He did everything in his power to help McMiller turn his life around. After he was drafted by Buffalo, Watkins brought his brother up north to live with him. McMiller got a 9-to-5 and left the mayhem behind.

Or tried to. The darkness followed them both.

In Watkins' third season, the Bills informed him that there was a warrant out for McMiller's arrest in Florida. The FBI was involved. Twenty-two alleged Lake Boyz gang members were being arrested as part of a wide-sweeping RICO case, including McMiller and other friends, cousins. "S--t," Watkins says, "half my family." So off McMiller went, back to Florida. Watkins paid a $1 million bond and vowed to pay for any lawyers his brother would need.

That was in January of 2017. The trial is still pending, set to begin June 8. McMiller is facing up to life in prison, per the District Attorney's office.

Watkins didn't think his "dark place" could get any darker then, but it did. After McMiller's arrest, football itself became trivial. Back to the basement he went. Back to hiding from the world. He was worried about going broke and, much worse, worried he'd lose his brother forever.

"I don't think the world knows what athletes go through off the field," Watkins says. "We have family. We have lives. You have good and bad in your family. I'm like f--king Jesus in my family. I was putting family before football. I wasn't focused on football. I was like: 'F--k football. I have to figure out how I'm going to put my family in a position to be successful or not to get killed or not to get in a situation where they can go to jail.'

"I was fighting a war outside of football."

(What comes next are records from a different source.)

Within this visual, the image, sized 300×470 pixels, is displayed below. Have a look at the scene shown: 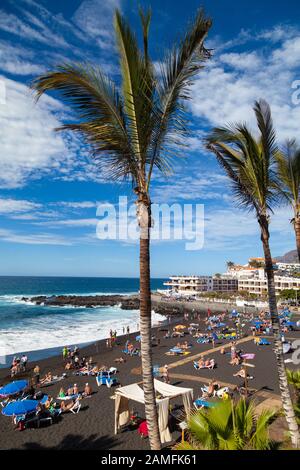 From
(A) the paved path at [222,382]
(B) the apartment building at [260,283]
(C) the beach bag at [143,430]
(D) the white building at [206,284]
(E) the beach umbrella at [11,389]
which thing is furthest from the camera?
(D) the white building at [206,284]

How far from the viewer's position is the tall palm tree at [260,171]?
8297 mm

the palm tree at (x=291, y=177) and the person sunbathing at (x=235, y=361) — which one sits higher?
the palm tree at (x=291, y=177)

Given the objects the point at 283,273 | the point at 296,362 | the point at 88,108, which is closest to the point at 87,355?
the point at 296,362

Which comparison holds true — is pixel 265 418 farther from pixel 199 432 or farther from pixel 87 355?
pixel 87 355

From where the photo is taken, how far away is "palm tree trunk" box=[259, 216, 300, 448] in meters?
7.77

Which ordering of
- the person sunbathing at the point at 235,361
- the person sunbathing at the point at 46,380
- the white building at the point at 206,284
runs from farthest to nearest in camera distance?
the white building at the point at 206,284 < the person sunbathing at the point at 235,361 < the person sunbathing at the point at 46,380

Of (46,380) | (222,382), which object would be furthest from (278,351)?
(46,380)

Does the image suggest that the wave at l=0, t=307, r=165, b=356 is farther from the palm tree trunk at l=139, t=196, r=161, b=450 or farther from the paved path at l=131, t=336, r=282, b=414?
the palm tree trunk at l=139, t=196, r=161, b=450

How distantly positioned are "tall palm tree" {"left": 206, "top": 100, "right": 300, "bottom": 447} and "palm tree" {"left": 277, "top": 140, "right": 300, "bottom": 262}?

Everyone Watkins grew up with was suddenly facing life in prison.

Four more people in his family died.

His body was a wreck.

He was no transcendent talent after all, with a measly 430 yards and two touchdowns in eight games his third year.

His career felt finished. 

"I just went into a shell," Watkins says, "where I blocked out the world. I was down. Real bad. Everything around me was bad.

"I went home into that dark place and was like: 'F--k. My whole life is in shambles.'"

      

II. The breaking point

Retire. That's all that made sense to him on the team bus after he injured his foot again in Year 3. In front of the entire team, Watkins collapsed into the arms of his position coach, Sanjay Lal, and cried. He was ready to give up. Right then.

Pissed off at the world, he went on a self-imposed hiatus.

He boycotted "everything."

Instead of getting scheduled treatment, he stayed away from the Bills' facility. Nobody heard a peep from Watkins as he, admittedly idiotically, ripped the boot off his foot to jog around town. He returned to action too soon, in two-and-a-half months, and only damaged his foot further. Of course, he was doing all this damage to himself, but he couldn't see that. Not at the time. His life was at a crossroads.

"Literally, just questioning everything in my life: 'Am I supposed to be doing this? Is this my purpose? Is this a sign for me to quit football?'" he says. "This is what God's telling me. I felt like he was telling me to stop. Just stop."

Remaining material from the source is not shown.